Currently I create IA-32 Fortran DLL on XE.

From comparing the results of the CVF and XE versions I see that the CVF application is more precise.

It looks like in CVF there are more significant digits (or half digits).

I've read previous posts regarding Floating Point Consistency, including referred documents and presentations.

I've tried all possible combinations of the Fortran Floating Point Settings and still can not recreate precisely CVF results.

Will be grateful for any insight on this.

Baruch

Steve_Lionel · ‎02-11-2018

First, read http://sc13.supercomputing.org/sites/default/files/WorkshopsArchive/pdfs/wp129s1.pdf

CVF did not use SSE instructions for floating point - it used the X87 registers and instructions. Sometimes this would keep intermediate results in "higher than declared" precision, leading to the effect you noticed. It was not something you had any control over, though.

If you need better precision then you should do key computations (if not all of them) in a higher precision data type/

wtstephens · ‎03-07-2025

If I want "reproducibility" of an old CVF (DF compiled) .EXE program then I would first want the same Intel chip at the same MHz speed?

In my current case I have tried Pentium 3 chips at somewhat different MHz speeds, and they do not reproduce the exact same calculations.

So I am gathering that I should try next the identical Intel chip, which may get me there? -- because it may recreate the data alignment or some such?

The .exe was compiled with "-tune:host" I am fairly sure.

mecej4 · ‎02-11-2018

It does not make sense to me that you program using single-precision and then complain when the results are not sufficiently precise. With x87 arithmetic, you might have obtained better precision in intermediate results, and perhaps better precision even in some final results, than with single-precision SSE2 arithmetic. The more important question: do you get sufficiently accurate results using double-precision SSE2 (or more recent) FPU arithmetic?

Kantor__Baruch · ‎02-12-2018

Steve,

I've read this presentation but it does not include the point you've raised ragerding the X87 instructions.

Your explanation seems to perfectly support my findings. I guess I cannot make XE use X87 (?)

mecej

Tho code I use was written 30 to 40 years ago with tens of thousands of lines.

To change it to double precision will not be a straightforward task.

Thank you!

mecej4 · ‎02-12-2018

Kantor, Baruch wrote:
Tho code I use was written 30 to 40 years ago with tens of thousands of lines.

To change it to double precision will not be a straightforward task.

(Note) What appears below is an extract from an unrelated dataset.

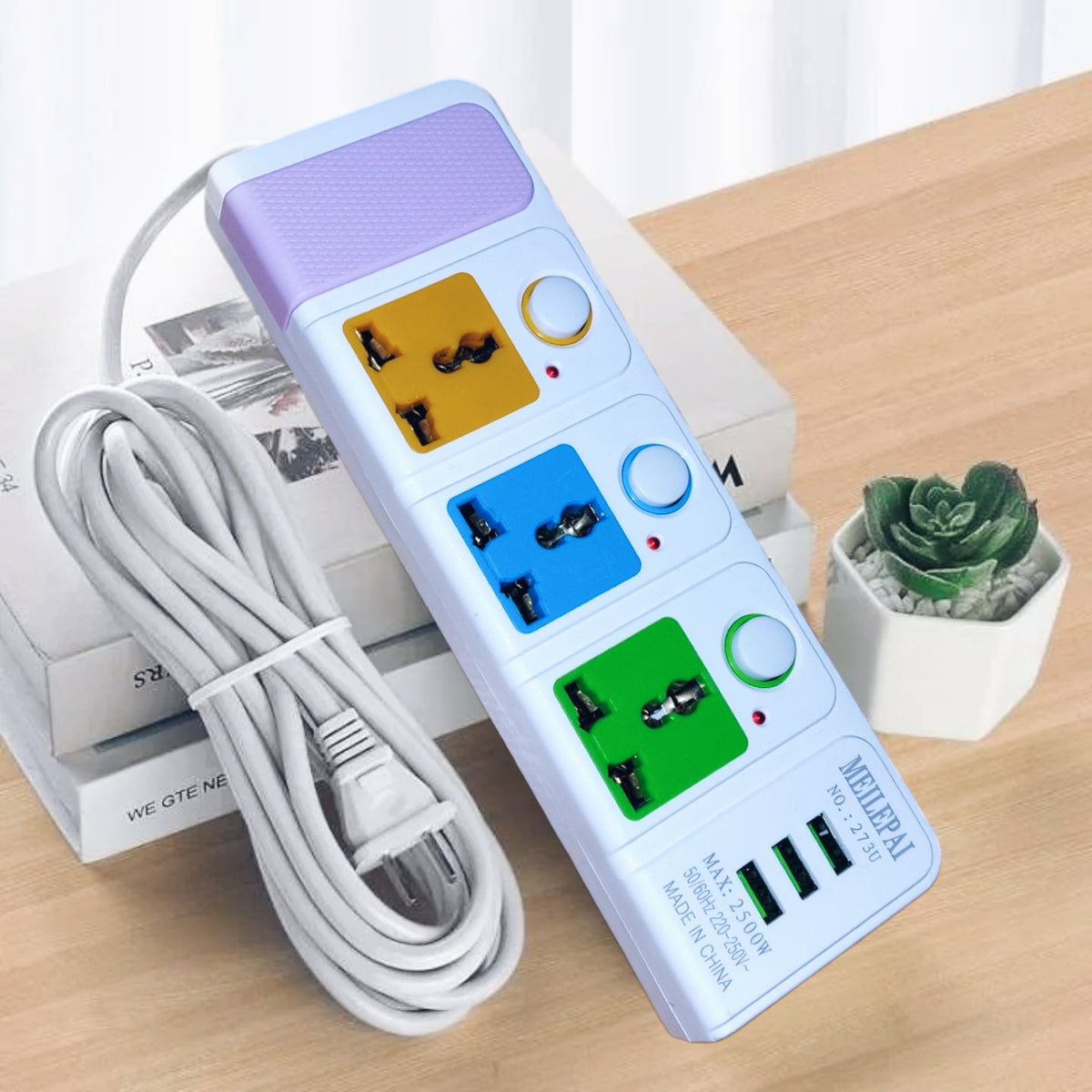 Pametni Produžni Kabel s Dodatnim USB Portovima za Lakše Povezivanje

In that case, see how far the compiler's /real-size:64 will help you. From the documentation for the Intel Fortran compiler:

Makes default real and complex declarations, constants, functions, and intrinsics 8 bytes long. REAL declarations are treated as DOUBLE PRECISION (REAL(KIND=8)) and COMPLEX declarations are treated as DOUBLE COMPLEX (COMPLEX(KIND=8)). Real and complex constants of unspecified KIND are evaluated in double precision (KIND=8).

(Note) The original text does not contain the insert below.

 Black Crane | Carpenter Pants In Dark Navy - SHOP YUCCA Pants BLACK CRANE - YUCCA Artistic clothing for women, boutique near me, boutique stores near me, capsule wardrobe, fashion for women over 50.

Kantor__Baruch · ‎02-12-2018

mecej4

I wish I could use this option but I'm limited with structures of existing binary data files and communication ICD's and API with other programs that I can not change.

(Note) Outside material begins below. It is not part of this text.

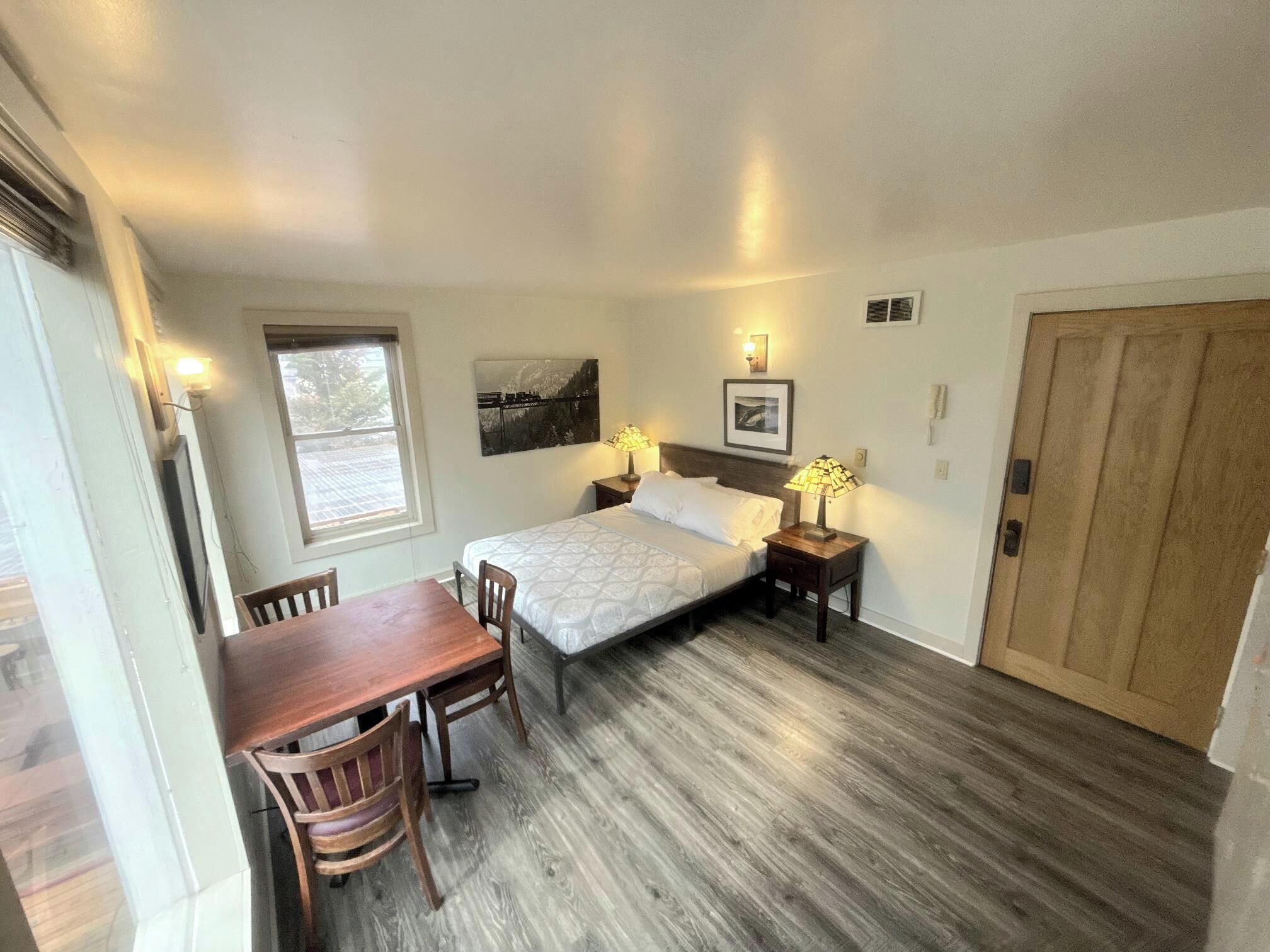 واي فاي وملاءات أسرّة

Steve_Lionel · ‎02-12-2018

The paper doesn't specifically address X87 - the initial audience for the paper wouldn't be caught dead using X87 floating - but it does fall under instruction set differences (not to mention compiler differences.) Your situation is one I have seen before where a particular result is "accepted as correct" and then no deviation is allowed. In the end, especially given the distance in time and hardware, you may have little choice but to either accept the newer results or put in the effort to update the application so that it declares the precision it requires.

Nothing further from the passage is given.